Yes, folks, that's right: this story features two Yseuts, both of them beautiful princesses who are romantically linked to Tristan. Hey, it's the twelfth century; we guess names are scarce. Anyway, thinking he'll never see Yseut the Fair again, Tristan marries Yseut of the White Hands, a princess of Brittany, during his exile from Cornwall. But in a last-minute change of heart, he declines to consummate his marriage with her out of loyalty to the first Yseut. Smooth, buddy. Real smooth.
So, yeah, things aren't that great for Yseut of the White Hands. Like the first Yseut, she is "given" to Tristan without any say in the matter, and then she ends up with a dude who's in love with someone else. She complains to her brother, Kaherdin, about this, saying that a splash of water on her thigh has taken more liberties with her than her husband. You tell 'em, White Hands. At first, Kaherdin is mad at Tristan, but after Tristan shows him Yseut the Fair, he ends up agreeing with Tristan that Yseut the Fair is a more beautiful and worthwhile love interest than his own sister. Yikes, that is cold.

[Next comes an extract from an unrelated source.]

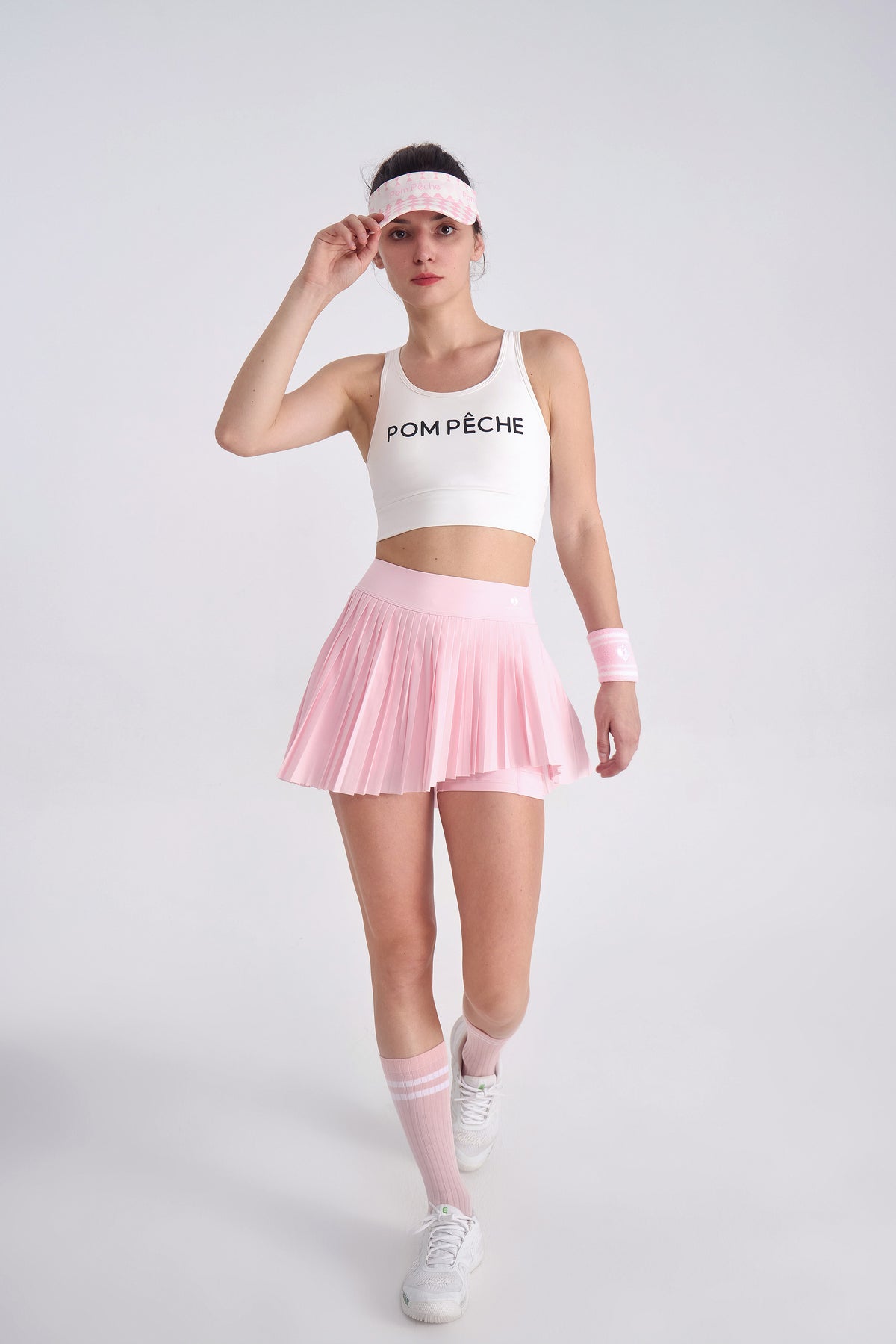 PAN プリーツ ミニ テニススカート ピンク - アシンメトリー・チャーム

Yseut of the White Hands doesn't really show up that much in the text, but she does get a big finish at the very end of the story. Sick of being dumped on and full of jealousy, she lies to Tristan about the color of the approaching sails. Her lie causes the deaths of both Tristan and Yseut. Maybe we're supposed to feel angry with Yseut for this lie, but we just can't help feeling sorry for her at the same time. And that may be this character's most important purpose. She's a symbol of all the harm and hurt Tristan and Yseut's relationship has caused even as her "treachery" provokes yet more sympathy for the lovers.